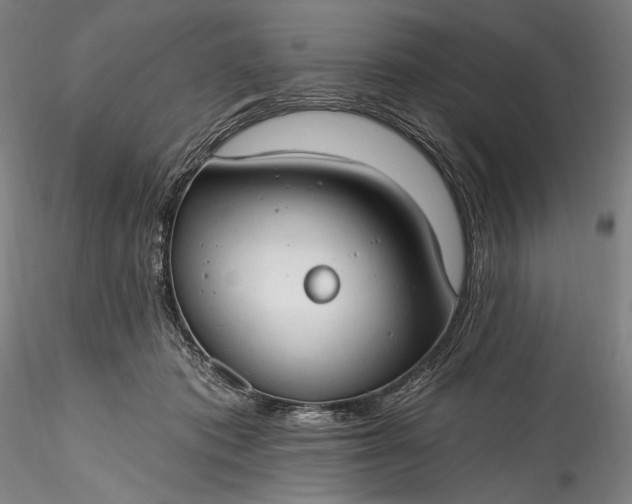 X0000115770413200911271145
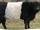 Belted Galloway Cattle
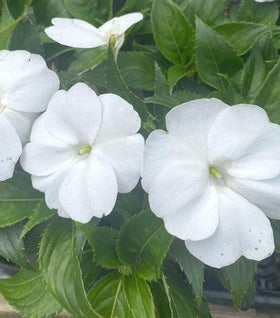 White Sunpatiens Plants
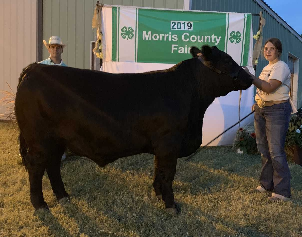 MR County Born Champion Market Steer - Chancy Johnson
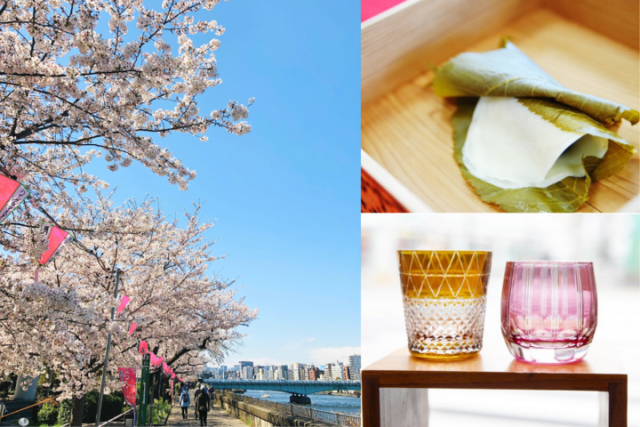 江戸時代から続く桜を愛でながら♪ 隅田川沿いから両国へ、墨田エリア満喫さんぽ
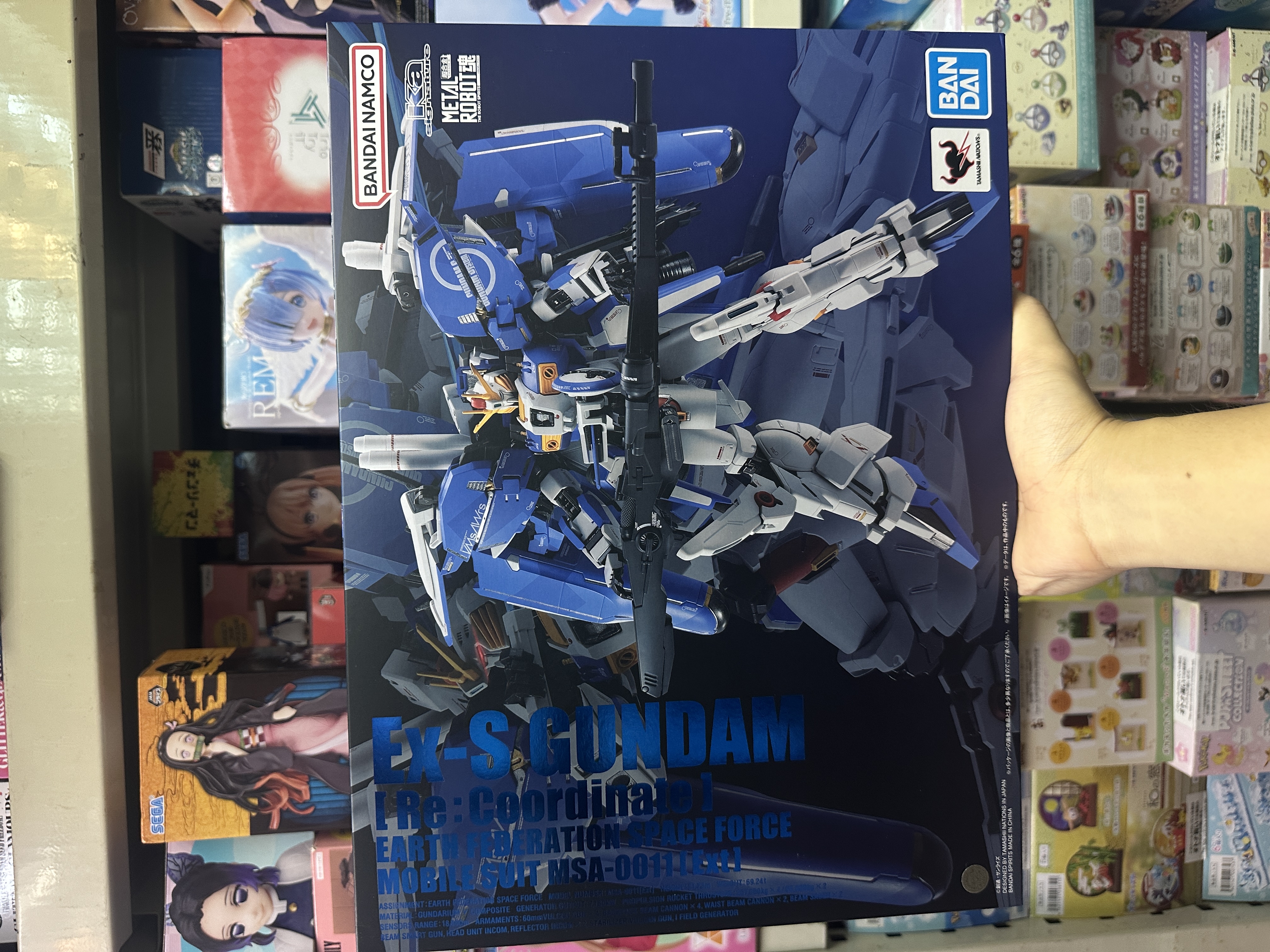 現貨 Bandai Metal Robot魂 EXS 高達 EX-S ver. ka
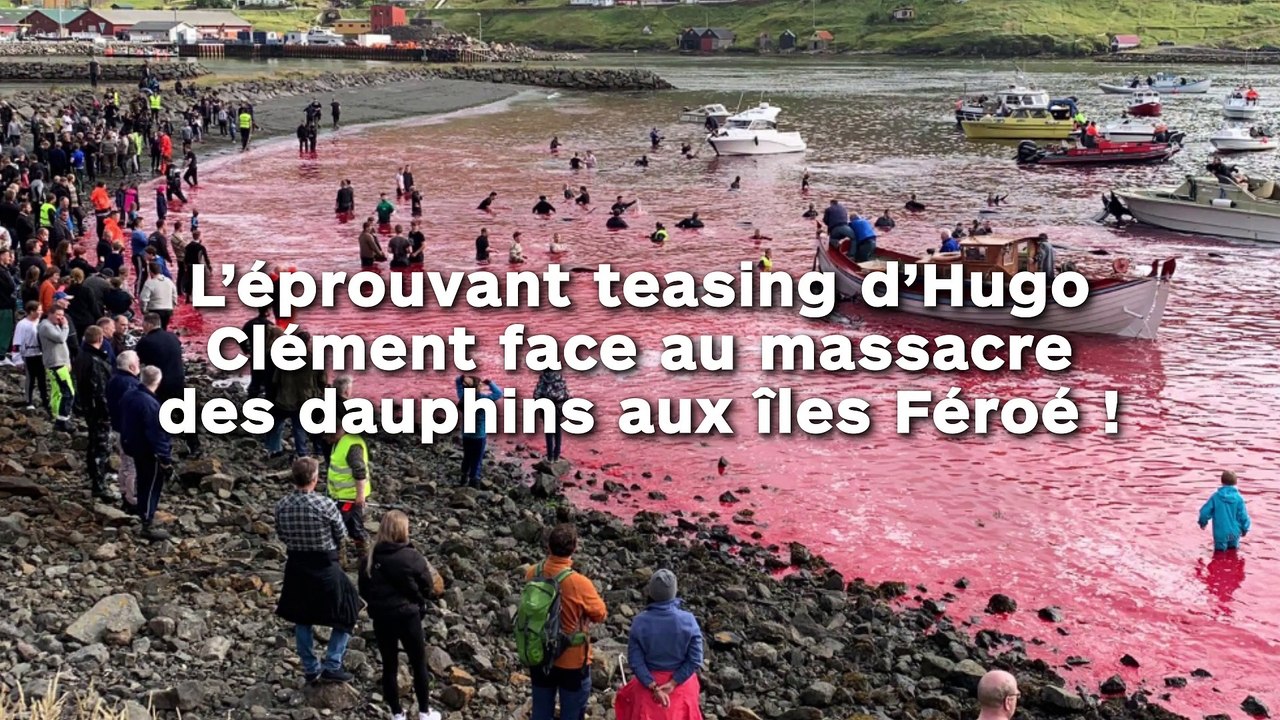 L’éprouvant teasing d’Hugo Clément face au massacre des dauphins aux îles Féroé !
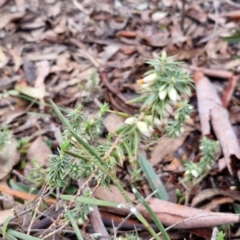 Melichrus urceolatus at Kingsdale, NSW - 17 Aug 2024 10:46 AM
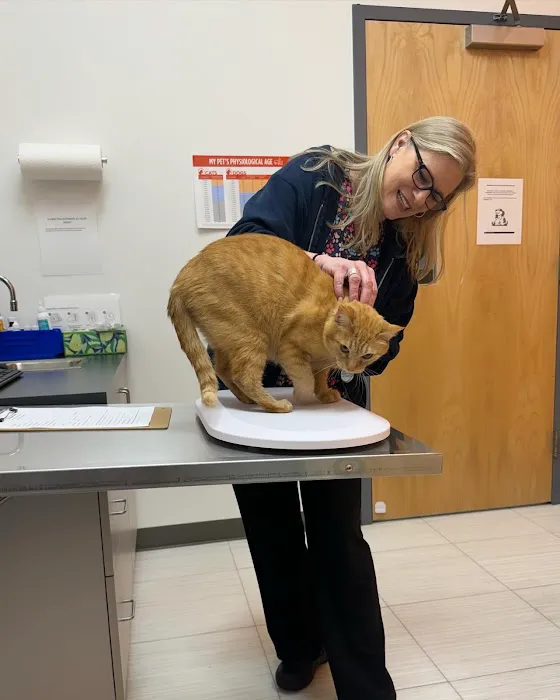 Fairfax Ridge Animal Hospital Picture 3
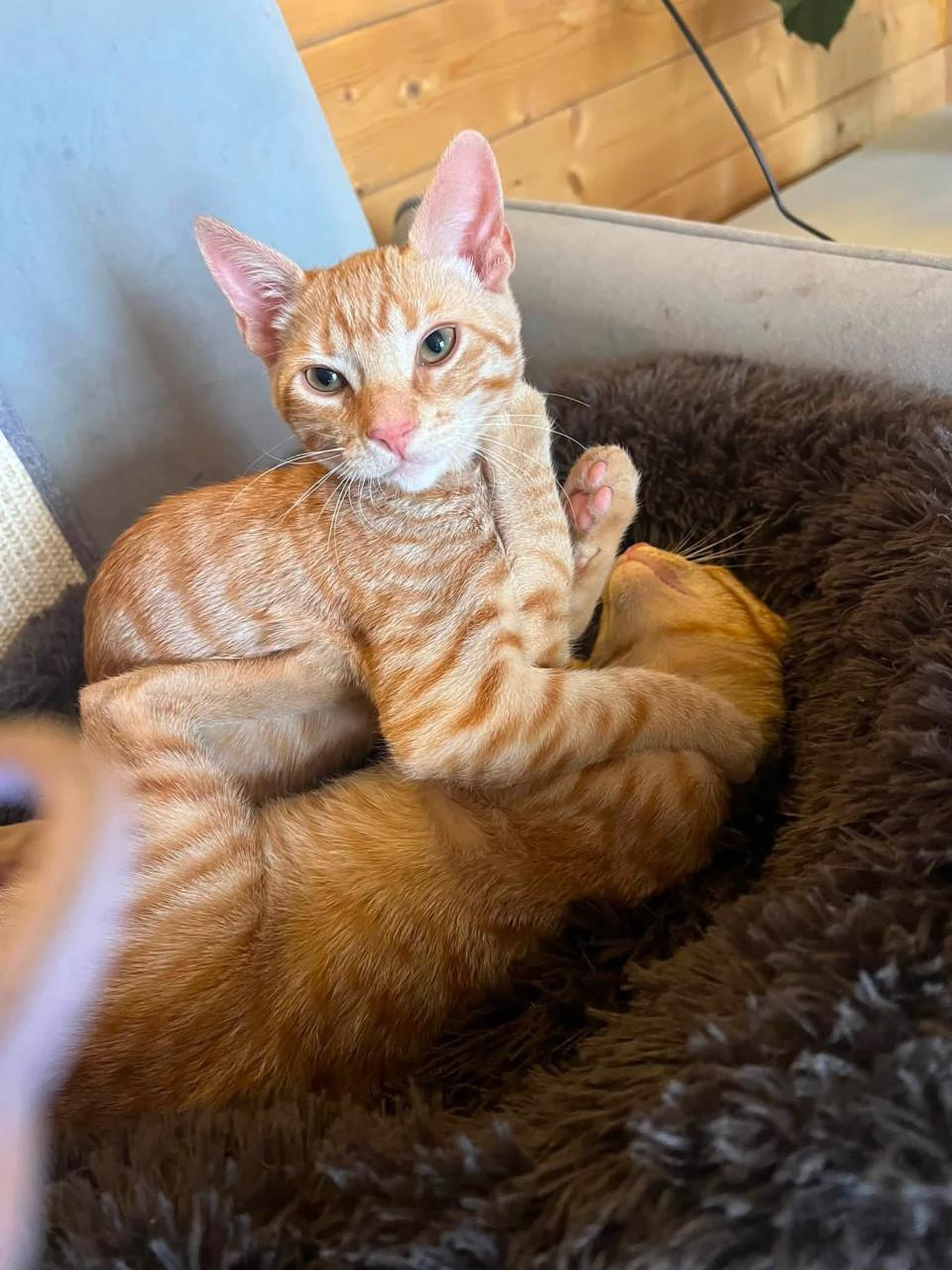 Deze lieve kittens zoeken een lief baasje!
========================================================================
*WHAT YOU WILL DO*
With the pictures set aside, copy each line above as written.

*FINISHED TASK*
 X0000115770413200911271145
 Belted Galloway Cattle
 White Sunpatiens Plants
 MR County Born Champion Market Steer - Chancy Johnson
 江戸時代から続く桜を愛でながら♪ 隅田川沿いから両国へ、墨田エリア満喫さんぽ
 現貨 Bandai Metal Robot魂 EXS 高達 EX-S ver. ka
 L’éprouvant teasing d’Hugo Clément face au massacre des dauphins aux îles Féroé !
 Melichrus urceolatus at Kingsdale, NSW - 17 Aug 2024 10:46 AM
 Fairfax Ridge Animal Hospital Picture 3
 Deze lieve kittens zoeken een lief baasje!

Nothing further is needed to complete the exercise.